→ **Assignment**:
Without including any picture, write out the entries exactly as they stand.

→ **Provided entries**:
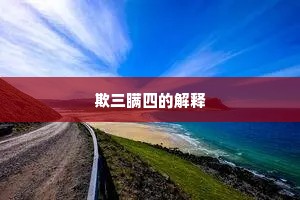 欺三瞒四的解释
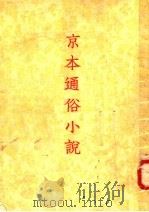 京本通俗小说（1954 PDF版）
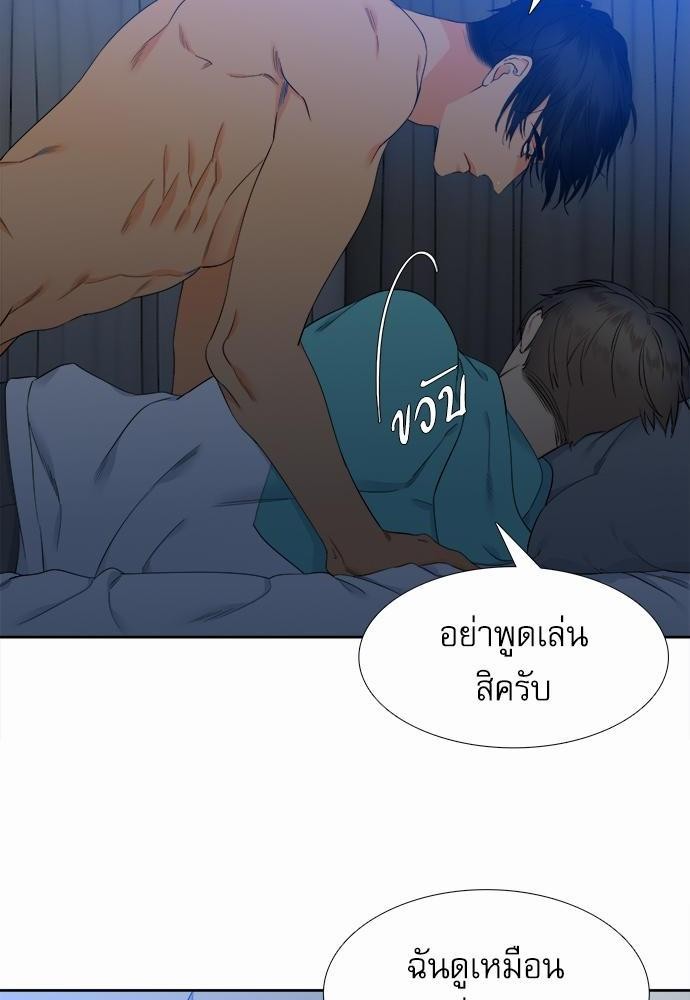 Blood Link เธ•เธญเธเธ—เธตเน27 (4)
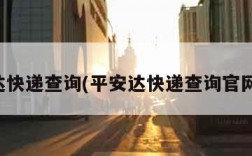 平安达快递查询(平安达快递查询官网入口)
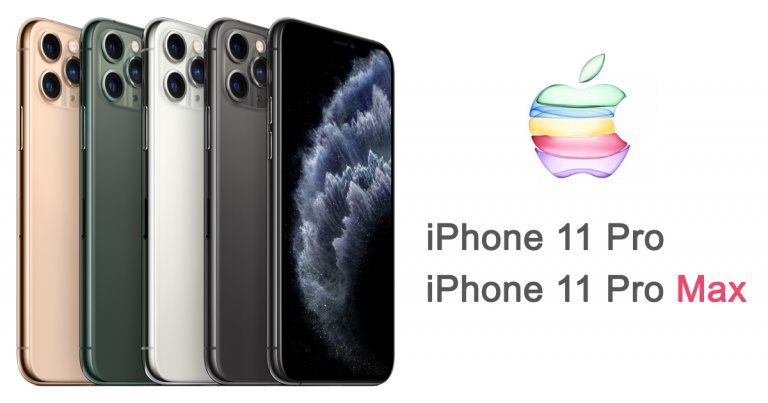 Apple iPhone 11 Pro Max smartphones many details improvements bring with a high-quality triple camera.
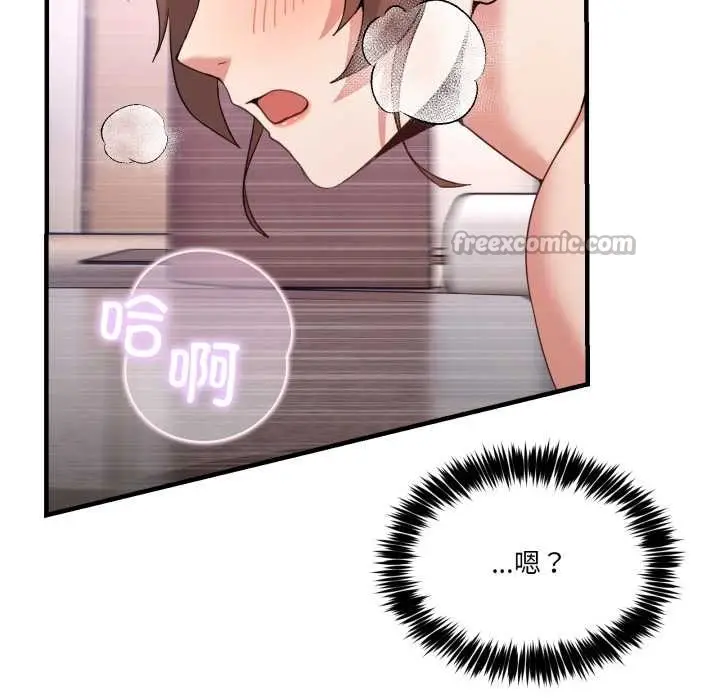 漫画《男人止步》第33话第13张图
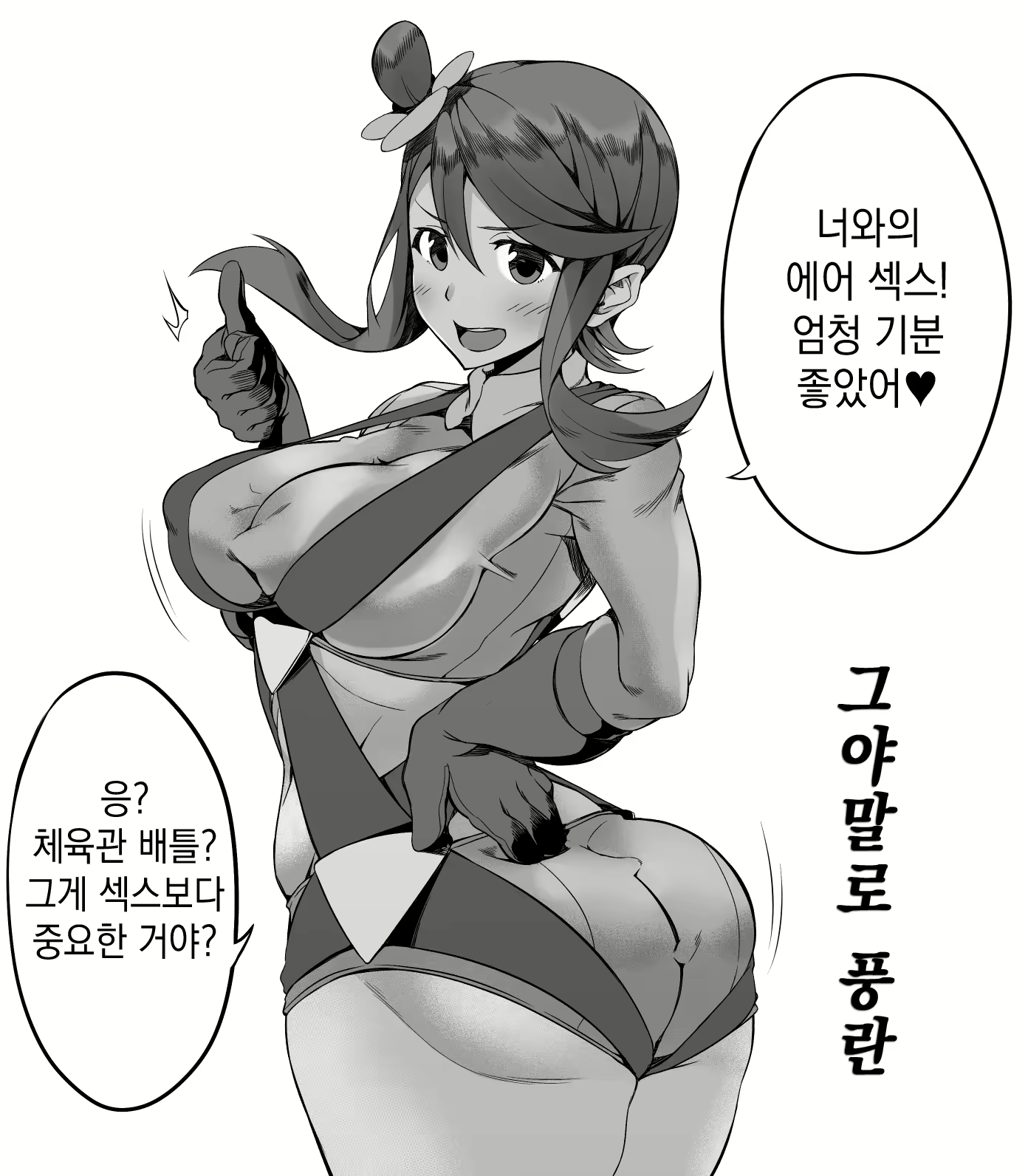 Content 3086500 - 72 페이지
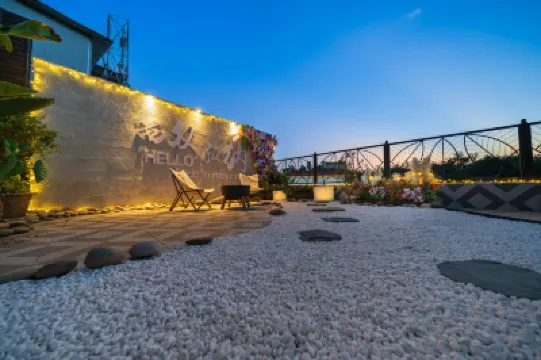 御墅花園度假酒店（曼聽公園店） 鄰近曼聽御花園的酒店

→ **Expected output**:
 欺三瞒四的解释
 京本通俗小说（1954 PDF版）
 Blood Link เธ•เธญเธเธ—เธตเน27 (4)
 平安达快递查询(平安达快递查询官网入口)
 Apple iPhone 11 Pro Max smartphones many details improvements bring with a high-quality triple camera.
 漫画《男人止步》第33话第13张图
 Content 3086500 - 72 페이지
 御墅花園度假酒店（曼聽公園店） 鄰近曼聽御花園的酒店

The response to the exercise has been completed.